La diplomatie en éventail de la Suisse en Érythrée

© Charlotte Julie / 2015

© Charlotte Julie / 2015

 

Le Conseil fédéral souhaite «revitaliser» par étapes les relations bilatérales avec Asmara. S’opposant à une demande de l’UDC, il n’ouvrira pas immédiatement une ambassade sur place.

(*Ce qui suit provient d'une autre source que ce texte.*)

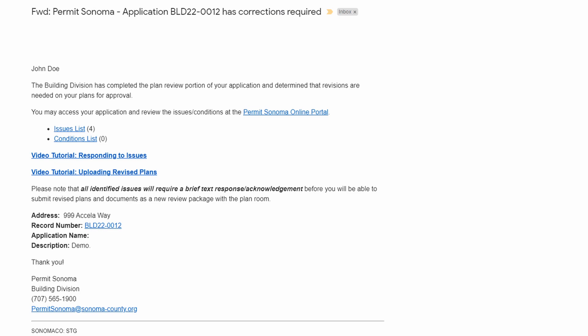Issues are comments and markups identified within the plans and supporting documents that require a response and if indicated, submission of corrected documentation prior to plan approval.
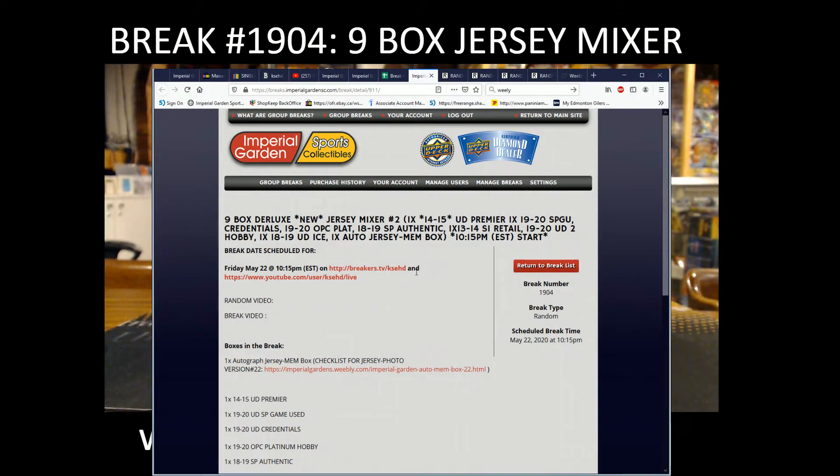Hi everyone, welcome to Imperial Gardens 9 box deluxe jersey mixer for 1904.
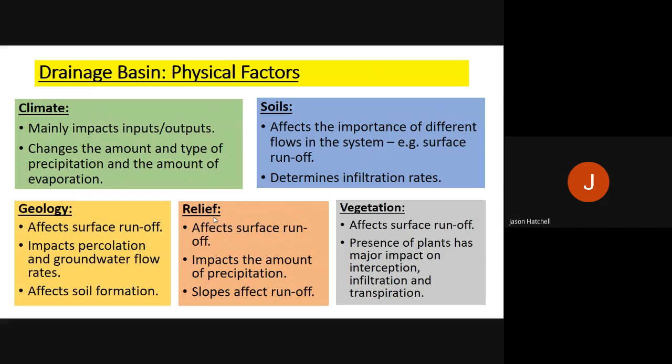Vegetation affects surface runoff because plants allow water to be infiltrated, allow interception, and facilitate evapotranspiration. The presence of plants is therefore really important in determining drainage basin characteristics. These five factors — climate, soil, geology, relief and vegetation — all impact the type of drainage basin and what happens within it.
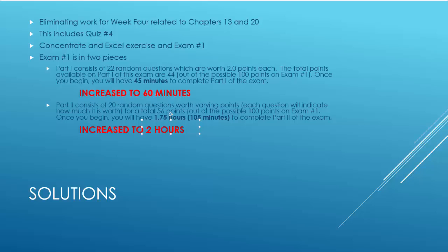So we're going to continue on. This also includes, of course, the elimination of quiz number 4. So this week, I want you to concentrate on two things. That is, finishing up the Excel exercise that was assigned last week. That is due next Monday, February 5th at 11:59. And I also want you to concentrate on preparing for and doing well in exam number 1.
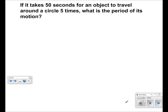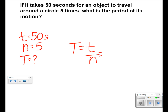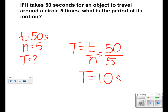In this problem, we're given that t is equal to 50 seconds and n is equal to 5. We're looking to find the period. We use the formula T is equal to t over n and we plug in the numbers. We get 50 over 5, and we get a period of 10 seconds.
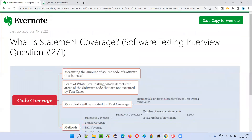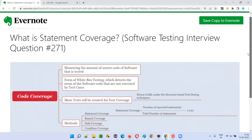Hope you understood what exactly is statement coverage. It is one of the techniques under code coverage, falling under the structure-based design technique, where the number of lines executed is divided by the total number of lines in the software program, multiplied by 100 to get the percentage of statement coverage. That's all for this session. In the next session, I'm going to cover another software testing interview question. Till then, see you, bye bye.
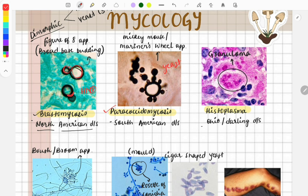The next image is of Histoplasma, which causes Ohio or Darling's disease. The features of histoplasmosis are similar to TB — there is pulmonary involvement and formation of a granuloma, as you can see in this image.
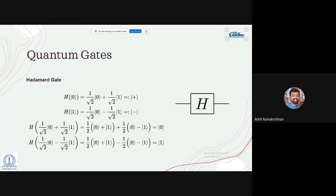Applying the Hadamard gate again to the output takes it back to the input state — zero goes to zero, one goes to one. H|0⟩ = (|0⟩ + |1⟩)/√2, denoted with a plus sign, and H|1⟩ = (|0⟩ − |1⟩)/√2, where the minus sign means the vector points in the negative x direction. The Hadamard gate is a uniquely quantum gate with no classical equivalent.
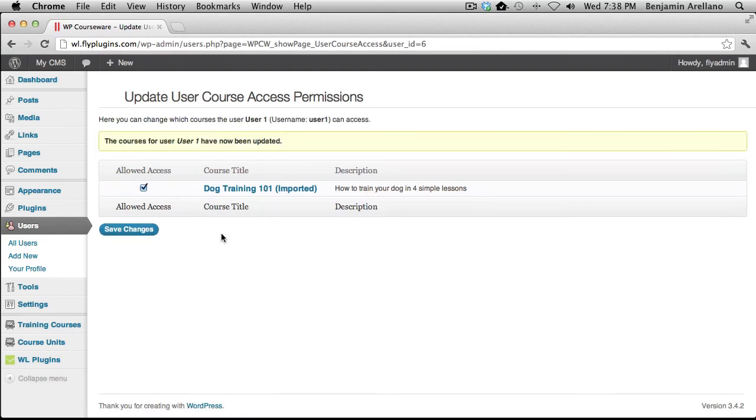And that concludes this tutorial on integrating WP Courseware with the Wishlist Member Membership Plugin. Thank you for watching.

Si l’Érythrée intéresse autant la droite nationaliste, c’est en raison de l’arrivée en Suisse chaque année d’un très grand nombre de ressortissants de ce pays.

 

Martin Bernard 26 janvier 2018

Berne renforcera sa présence diplomatique en Érythrée, mais n’ouvrira pas pour le moment une ambassade dans ce pays, comme l’avait expressément demandé l’UDC dans une motion adoptée en mars 2017. C’est en tout cas ce qu’ont décidé les membres de la Commission de politique extérieure du Conseil national, au terme de leur session de janvier, «laissant au Conseil fédéral la compétence de déterminer les besoins au niveau du réseau des représentations suisses à l’étranger».
Pour sa part, le gouvernement souhaite procéder par étapes. Dans un premier temps, un attaché suisse séjournera régulièrement à Asmara pour «revitaliser les relations bilatérales» entre les deux pays. à cet effet, le Département fédéral des Affaires étrangères (DFAE) a déjà entamé des négociations avec l’Allemagne pour disposer d’une présence régulière de la Suisse dans son ambassade. Sur place, le représentant helvétique devrait partager un bureau avec un collègue norvégien.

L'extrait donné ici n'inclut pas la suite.